Well, here we are, one week into summer in the southern hemisphere and we have already had every type of weather extreme. On Monday it was a boiling 36c and we were all in shorts and eating icypoles. Now it is day six and we are all back to woolly jackets and freezing our butts off. The driving rain didn’t stop all day yesterday and we spent last night shivering in the cold.
No, I didn’t light the fire, it’s December for gods sake! We should have been barbequeing! Maybe I should get some more wood in though, there was even a snow report on the news yesterday morning…

Broccoli flowers and a tiny Hover Fly. On the right there is an even tinier…. hmmm… I don’t know what that other flier is!
That 36 degrees is far too hot for me. I’m not a hot weather lover at all and looking at the insects in the garden I’m probably not the only one.
I want to do a bit of gardening, stripping out a bed and putting in some new stuff, but I am too lazy have been leaving that particular bit of garden to go crazy for the insects.
I love a nice neat garden but at the same time I love it when things start running to seed and are covered in flowers. The bees and other pollinators love it even more and flock in for their share.
On Monday, when clearly the world was about to combust, I dragged myself outside to check if the chooks had enough fresh water.
I stepped off the back verandah into a shady patch of ground (the edges of which I hadn’t been overly attentive to with the mower, frogs live there) to find every weed blade of grass abuzz with Hover flies.

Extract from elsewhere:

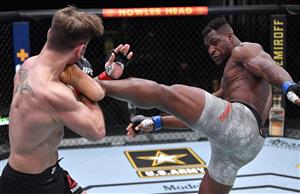 LAS VEGAS, NEVADA - MARCH 27: In this handout image provided by UFC, (R-L) Francis Ngannou of Cameroon kicks Stipe Miocic in their UFC heavyweight championship fight during the UFC 260 event at UFC APEX on March 27, 2021 in Las Vegas, Nevada. (Photo by Jeff Bottari/Zuffa LLC via Getty Images)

Usually these guys find a place to hover where they can hold position for as long as possible. Clearly the ability to do that is hugely attractive to the females of their species.
It just so happens that on this particular hot day the places they all wanted to hover were all in the shade. Rather than maintaining a polite distance from each other as they normally do, there were so many (hundreds!) they were all pretending that it was ok to be standing around on the same blade of grass waiting for a turn in the limited airspace.

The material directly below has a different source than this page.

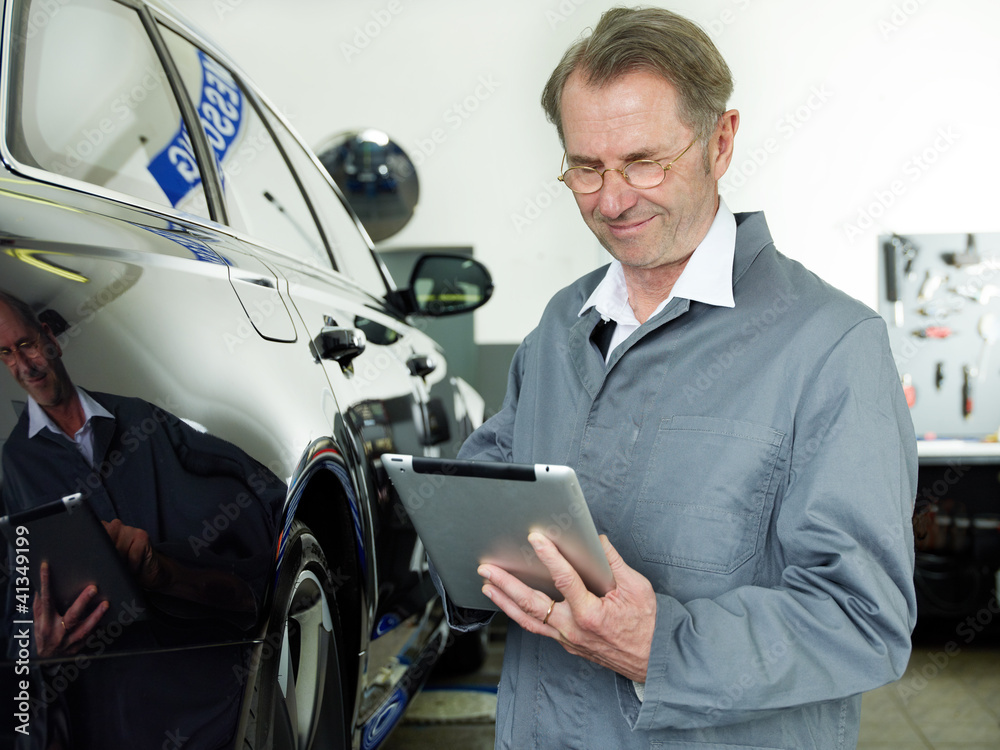 Master mechanic in a garage working with touchpad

I felt sorry for the poor fried things and, after finding the well-watered chooks happy now their muddy yard had turned back into a dust bath, I hunted down a shallow dish and filled it with water and old fish tank rocks (so they could walk about and drink, but not die a splashy death) so the hover flies could have a drink too.
I placed it near them and wondered if they would all share, or if I had just accidentally given one of the Hover Flies the best slice of hoverable real estate ever, and that the females would be flocking in for this bloke with the nice new swimming pool…..
After a few minutes I noticed that a some of them had managed drift in the right direction and snatch a drink. I guessed that over time any of them who wanted to would find a way to hover in the right spot, so I retired back to the interior and my own cold drink!